Wir fangen an auf einem ziemlich breiten Pfade hinan zu steigen zwischen Pflanzungen von Reben, die an schlanken Pappeln sich hinwinden und da, wo ihre Ranken von Baum zu Baum sich umarmen, Laubgewölbe und Bogengänge bilden. Hier, und zwar nur hier allein, wächst der Lacrimae Christi. Rechts und links, aus dem Dunkel der Reben, schauen die aus rohgefügten Lavablöcken gebauten Hütten der Winzer malerisch hervor. Bald aber wird der Anbau dürftiger, das Grau verwitterter Lava zieht sich als düstere Lokalfarbe durch die Landschaft und die Wein- und Obstgärten, zusammenhängend am untern Berggürtel, sind durch öde Strecken getrennt und werden, je höher hinauf, je kleiner. Endlich erscheinen sie nur noch sammt einzelnen Gruppen sonnenschirmiger Tannen, wie Oasen in der Wüste. Der verbrannte Boden wird grasleer; große, herabgerollte Steine machen den Pfad unwegsamer; niedriges Taxus- und Myrthengesträuch, zwischen dem hie und da eine einsame Aloe hervorsieht, tritt an die Stelle der Bäume. – So gelangen wir auf des Berges erste Terrasse.

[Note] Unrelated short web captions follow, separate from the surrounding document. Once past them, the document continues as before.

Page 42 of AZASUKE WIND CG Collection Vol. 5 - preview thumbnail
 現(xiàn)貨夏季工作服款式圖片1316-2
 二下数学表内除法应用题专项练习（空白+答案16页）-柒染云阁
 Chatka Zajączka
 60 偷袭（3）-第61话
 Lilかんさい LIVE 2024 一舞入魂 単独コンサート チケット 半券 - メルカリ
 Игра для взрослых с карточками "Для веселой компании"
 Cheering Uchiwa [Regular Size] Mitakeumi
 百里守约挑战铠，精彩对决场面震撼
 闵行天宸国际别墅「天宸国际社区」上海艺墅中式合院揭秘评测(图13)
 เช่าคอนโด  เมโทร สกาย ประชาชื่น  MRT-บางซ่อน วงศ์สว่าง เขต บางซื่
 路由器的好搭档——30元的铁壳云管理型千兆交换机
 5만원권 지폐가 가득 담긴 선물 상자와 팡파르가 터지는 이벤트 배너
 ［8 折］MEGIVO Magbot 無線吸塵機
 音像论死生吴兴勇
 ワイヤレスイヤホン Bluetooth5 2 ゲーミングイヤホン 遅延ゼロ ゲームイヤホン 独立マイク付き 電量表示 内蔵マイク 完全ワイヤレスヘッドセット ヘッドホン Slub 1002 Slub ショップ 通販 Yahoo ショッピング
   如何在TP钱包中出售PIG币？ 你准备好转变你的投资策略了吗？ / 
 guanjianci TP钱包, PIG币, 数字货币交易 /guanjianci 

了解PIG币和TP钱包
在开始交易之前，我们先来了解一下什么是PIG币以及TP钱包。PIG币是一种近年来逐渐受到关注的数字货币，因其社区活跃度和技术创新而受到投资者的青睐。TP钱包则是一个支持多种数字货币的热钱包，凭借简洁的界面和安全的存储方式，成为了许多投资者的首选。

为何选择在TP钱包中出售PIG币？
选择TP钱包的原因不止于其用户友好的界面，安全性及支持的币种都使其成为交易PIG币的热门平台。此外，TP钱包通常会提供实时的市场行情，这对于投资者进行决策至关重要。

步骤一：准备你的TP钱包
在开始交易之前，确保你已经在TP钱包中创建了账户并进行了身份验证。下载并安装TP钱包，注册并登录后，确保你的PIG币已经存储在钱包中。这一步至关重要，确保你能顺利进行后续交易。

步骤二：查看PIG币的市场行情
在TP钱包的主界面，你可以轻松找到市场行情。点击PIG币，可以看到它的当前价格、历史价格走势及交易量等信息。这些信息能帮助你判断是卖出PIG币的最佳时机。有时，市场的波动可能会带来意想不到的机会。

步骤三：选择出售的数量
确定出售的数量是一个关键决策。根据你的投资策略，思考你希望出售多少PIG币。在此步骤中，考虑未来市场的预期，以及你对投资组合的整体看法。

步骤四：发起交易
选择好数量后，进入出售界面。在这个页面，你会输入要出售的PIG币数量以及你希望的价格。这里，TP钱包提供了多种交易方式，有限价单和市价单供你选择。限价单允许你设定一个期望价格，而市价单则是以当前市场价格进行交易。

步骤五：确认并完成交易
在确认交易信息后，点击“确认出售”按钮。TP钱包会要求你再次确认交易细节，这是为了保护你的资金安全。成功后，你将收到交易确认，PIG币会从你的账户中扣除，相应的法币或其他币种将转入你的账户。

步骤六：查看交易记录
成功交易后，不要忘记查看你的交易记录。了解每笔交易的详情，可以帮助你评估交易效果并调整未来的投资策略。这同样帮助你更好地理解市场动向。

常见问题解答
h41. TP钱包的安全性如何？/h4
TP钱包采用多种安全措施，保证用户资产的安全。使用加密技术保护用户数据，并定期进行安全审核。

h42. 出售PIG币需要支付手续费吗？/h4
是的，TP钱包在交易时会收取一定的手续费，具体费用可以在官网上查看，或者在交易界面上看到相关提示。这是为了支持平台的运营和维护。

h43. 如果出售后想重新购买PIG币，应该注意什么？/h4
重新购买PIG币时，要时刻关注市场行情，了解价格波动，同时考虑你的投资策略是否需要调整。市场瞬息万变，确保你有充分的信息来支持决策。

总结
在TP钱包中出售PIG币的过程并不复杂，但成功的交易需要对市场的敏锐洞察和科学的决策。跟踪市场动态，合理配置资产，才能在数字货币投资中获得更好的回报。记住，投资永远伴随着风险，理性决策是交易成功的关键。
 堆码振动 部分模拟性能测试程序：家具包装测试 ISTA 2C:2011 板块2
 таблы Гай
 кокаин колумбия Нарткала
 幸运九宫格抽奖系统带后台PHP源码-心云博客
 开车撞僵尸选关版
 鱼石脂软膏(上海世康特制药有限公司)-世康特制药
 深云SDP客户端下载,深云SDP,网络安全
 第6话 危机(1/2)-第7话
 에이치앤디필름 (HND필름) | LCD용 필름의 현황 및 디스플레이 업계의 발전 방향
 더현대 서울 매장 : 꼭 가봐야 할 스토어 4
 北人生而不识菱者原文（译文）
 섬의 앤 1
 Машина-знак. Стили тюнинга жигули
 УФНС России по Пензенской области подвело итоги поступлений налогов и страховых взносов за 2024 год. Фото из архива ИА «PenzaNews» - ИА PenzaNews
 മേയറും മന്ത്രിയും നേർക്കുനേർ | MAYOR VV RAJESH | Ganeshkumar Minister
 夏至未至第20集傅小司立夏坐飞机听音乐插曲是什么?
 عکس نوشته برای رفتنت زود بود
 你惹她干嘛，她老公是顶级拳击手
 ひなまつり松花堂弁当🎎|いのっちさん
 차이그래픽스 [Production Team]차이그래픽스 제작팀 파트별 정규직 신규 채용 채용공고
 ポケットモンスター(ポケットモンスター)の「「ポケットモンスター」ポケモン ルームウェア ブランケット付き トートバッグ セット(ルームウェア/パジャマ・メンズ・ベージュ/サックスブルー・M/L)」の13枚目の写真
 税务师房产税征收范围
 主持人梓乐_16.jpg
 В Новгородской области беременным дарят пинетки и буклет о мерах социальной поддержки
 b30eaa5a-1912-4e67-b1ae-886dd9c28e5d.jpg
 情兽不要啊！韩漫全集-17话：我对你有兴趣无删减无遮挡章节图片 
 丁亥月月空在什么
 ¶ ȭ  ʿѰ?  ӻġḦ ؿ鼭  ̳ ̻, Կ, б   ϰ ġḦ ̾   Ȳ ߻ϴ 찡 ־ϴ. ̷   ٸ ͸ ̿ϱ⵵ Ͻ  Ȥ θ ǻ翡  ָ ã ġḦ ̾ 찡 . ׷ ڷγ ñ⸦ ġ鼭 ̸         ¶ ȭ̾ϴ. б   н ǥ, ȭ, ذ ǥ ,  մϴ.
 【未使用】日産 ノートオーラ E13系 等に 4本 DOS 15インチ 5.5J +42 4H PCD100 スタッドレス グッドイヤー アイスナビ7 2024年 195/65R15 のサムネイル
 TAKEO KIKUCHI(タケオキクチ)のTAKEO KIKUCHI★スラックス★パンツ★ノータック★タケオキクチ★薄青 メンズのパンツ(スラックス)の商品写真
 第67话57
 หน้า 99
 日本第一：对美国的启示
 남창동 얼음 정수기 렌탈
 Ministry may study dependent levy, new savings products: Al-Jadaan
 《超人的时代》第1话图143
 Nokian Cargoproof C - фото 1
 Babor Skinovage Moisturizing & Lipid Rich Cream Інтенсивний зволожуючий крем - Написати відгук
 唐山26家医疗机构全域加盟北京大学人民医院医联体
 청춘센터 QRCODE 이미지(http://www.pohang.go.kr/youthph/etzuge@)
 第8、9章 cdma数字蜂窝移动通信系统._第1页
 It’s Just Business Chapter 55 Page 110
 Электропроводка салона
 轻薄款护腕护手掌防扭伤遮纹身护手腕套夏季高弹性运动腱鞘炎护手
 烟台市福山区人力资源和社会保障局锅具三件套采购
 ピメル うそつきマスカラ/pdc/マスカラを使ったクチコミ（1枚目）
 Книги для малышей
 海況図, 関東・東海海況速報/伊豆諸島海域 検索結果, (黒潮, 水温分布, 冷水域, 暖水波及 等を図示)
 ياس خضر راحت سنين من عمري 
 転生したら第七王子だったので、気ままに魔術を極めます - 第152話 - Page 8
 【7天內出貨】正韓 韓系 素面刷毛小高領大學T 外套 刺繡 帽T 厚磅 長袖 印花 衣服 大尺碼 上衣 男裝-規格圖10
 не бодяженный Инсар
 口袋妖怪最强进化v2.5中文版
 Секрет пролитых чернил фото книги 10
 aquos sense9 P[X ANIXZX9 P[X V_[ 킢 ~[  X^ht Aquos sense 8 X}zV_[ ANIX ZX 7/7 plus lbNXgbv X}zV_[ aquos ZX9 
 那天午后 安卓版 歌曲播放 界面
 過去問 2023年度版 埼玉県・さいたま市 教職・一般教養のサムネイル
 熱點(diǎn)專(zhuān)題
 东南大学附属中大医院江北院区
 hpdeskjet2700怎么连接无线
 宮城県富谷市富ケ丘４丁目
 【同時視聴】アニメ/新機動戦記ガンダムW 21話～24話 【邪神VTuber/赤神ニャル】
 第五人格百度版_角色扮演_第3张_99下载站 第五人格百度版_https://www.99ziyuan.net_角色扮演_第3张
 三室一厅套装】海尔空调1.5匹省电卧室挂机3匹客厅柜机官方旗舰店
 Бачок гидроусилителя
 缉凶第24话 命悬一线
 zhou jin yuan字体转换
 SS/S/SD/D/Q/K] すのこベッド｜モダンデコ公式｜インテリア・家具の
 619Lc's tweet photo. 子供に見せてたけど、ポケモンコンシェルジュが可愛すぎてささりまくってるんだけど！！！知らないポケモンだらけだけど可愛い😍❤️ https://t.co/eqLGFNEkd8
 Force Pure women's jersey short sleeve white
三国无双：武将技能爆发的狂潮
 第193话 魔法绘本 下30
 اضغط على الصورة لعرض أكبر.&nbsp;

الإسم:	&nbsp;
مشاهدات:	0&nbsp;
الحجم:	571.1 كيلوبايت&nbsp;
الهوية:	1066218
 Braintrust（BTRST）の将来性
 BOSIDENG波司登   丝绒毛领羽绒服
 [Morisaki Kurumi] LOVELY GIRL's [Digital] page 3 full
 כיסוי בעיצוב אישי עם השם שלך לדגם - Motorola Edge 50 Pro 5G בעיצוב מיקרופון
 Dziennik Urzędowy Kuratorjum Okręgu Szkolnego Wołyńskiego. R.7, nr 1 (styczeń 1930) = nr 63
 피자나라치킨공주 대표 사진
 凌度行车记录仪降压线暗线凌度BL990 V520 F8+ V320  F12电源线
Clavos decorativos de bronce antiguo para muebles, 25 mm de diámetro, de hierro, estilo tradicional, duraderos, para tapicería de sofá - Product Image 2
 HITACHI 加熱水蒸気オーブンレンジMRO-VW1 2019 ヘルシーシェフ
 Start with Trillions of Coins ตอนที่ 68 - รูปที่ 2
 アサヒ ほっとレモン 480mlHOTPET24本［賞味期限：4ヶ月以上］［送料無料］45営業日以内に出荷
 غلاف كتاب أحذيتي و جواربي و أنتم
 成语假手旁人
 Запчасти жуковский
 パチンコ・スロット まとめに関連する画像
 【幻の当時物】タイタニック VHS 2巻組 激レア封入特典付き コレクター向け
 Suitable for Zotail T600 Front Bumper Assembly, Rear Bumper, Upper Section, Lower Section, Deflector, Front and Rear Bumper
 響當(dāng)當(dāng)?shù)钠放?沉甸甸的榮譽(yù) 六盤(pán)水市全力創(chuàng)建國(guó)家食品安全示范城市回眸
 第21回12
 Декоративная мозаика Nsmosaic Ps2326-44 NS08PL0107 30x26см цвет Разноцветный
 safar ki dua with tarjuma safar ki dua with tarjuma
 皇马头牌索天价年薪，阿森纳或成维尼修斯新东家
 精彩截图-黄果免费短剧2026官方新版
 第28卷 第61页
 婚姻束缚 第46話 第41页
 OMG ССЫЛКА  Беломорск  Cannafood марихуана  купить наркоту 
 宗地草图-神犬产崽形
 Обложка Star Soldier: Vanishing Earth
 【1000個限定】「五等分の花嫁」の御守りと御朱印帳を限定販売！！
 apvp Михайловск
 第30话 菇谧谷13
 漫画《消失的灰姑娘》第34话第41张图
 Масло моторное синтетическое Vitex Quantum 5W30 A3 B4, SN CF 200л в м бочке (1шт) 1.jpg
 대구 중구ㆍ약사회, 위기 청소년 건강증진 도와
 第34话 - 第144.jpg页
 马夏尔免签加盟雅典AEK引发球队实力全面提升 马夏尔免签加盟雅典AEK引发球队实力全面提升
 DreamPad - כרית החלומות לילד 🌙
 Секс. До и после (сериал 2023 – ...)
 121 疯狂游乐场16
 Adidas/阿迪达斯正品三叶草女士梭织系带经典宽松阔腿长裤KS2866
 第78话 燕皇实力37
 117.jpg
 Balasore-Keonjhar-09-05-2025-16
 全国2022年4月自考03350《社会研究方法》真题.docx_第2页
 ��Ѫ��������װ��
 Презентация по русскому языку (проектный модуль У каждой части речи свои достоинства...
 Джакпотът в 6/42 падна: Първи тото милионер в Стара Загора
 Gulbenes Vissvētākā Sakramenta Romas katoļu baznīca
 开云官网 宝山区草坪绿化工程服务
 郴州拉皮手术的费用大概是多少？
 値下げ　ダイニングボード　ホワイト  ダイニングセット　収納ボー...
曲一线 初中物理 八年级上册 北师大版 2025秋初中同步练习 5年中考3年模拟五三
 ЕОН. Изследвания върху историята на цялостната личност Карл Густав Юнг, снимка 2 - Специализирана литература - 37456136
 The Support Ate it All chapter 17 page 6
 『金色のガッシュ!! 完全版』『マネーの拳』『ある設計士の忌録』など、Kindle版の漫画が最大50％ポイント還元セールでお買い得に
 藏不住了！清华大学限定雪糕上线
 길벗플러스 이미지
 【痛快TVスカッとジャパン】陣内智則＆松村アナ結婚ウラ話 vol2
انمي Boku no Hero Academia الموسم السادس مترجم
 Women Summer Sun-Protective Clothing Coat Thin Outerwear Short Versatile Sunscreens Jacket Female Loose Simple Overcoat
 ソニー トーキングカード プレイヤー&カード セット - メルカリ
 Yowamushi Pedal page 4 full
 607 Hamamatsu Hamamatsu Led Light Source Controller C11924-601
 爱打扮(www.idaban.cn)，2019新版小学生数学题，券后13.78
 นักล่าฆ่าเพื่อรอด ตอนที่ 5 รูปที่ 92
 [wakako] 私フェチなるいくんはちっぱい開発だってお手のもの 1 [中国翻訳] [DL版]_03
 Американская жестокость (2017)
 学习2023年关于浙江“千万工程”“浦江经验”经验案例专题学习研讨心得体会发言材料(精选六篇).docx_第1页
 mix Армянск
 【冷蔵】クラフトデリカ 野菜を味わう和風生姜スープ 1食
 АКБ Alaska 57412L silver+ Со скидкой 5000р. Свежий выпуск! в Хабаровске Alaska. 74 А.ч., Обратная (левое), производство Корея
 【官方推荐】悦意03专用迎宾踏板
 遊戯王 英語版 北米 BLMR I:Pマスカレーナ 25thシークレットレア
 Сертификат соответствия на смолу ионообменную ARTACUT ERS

Hier dehnt sich eine weite Ebene vor uns aus. Die beiden Gipfel des Vesuvs, durch ein tiefes Thal getrennt, links der Somma, der ausgebrannte Krater, rechts die jetzige Mündung des Feuerbergs mit kahlen und steilen Seitenwänden, recken sich aus der Mitte der Fläche in die Bläue des Himmels. Beide Gipfel sind oft in blasse Dunstwolken gehüllt und unkenntlich. Stellen sich aber die Kegel rein dem Auge dar, dann bezeichnet eine lichte Rauchsäule über dem einen den thätigen der Vulkane. – Verwitterte Feuerströme mancher Jahrtausende bedecken die Ebene, die wir durchwandern. Sie ist eine grauenvolle Wüste, wo die Laven, wie Schlacken umhergestreut, auf dem schwarzen Boden, gleich weißlichem Schaume, oder vertrocknetem Mooße, sich zeigen.
Um Rande der Terrasse machen wir Halt, um die Aussicht rückwärts zu genießen. Wir erblicken tief unter unsern Füßen Portici, weiter hin Caprea, Ischia, den Posilippo, das Meer mit den weißen Segeln der Fischerkähne besäet, die lachende Küste des Busens von Neapel, die Königsstadt selbst, von Orangenhainen beschattet: – es ist das Paradies, von der Hölle aus gesehen. –
Der Führer mahnt und wir wandern weiter. Links zieht sich ein breiter Lavadamm nach dem steilen Abhange. Einige Baumwipfel überragen ihn. Es sind die Ulmen der Einsiedelei San Salvadore. Die Lavamauer, in die man diese ruhige Hütte christlicher Gastfreundschaft einbauete, ist der furchtbare Strom, der Herkulanum verschüttete und Hunderttausende begrub.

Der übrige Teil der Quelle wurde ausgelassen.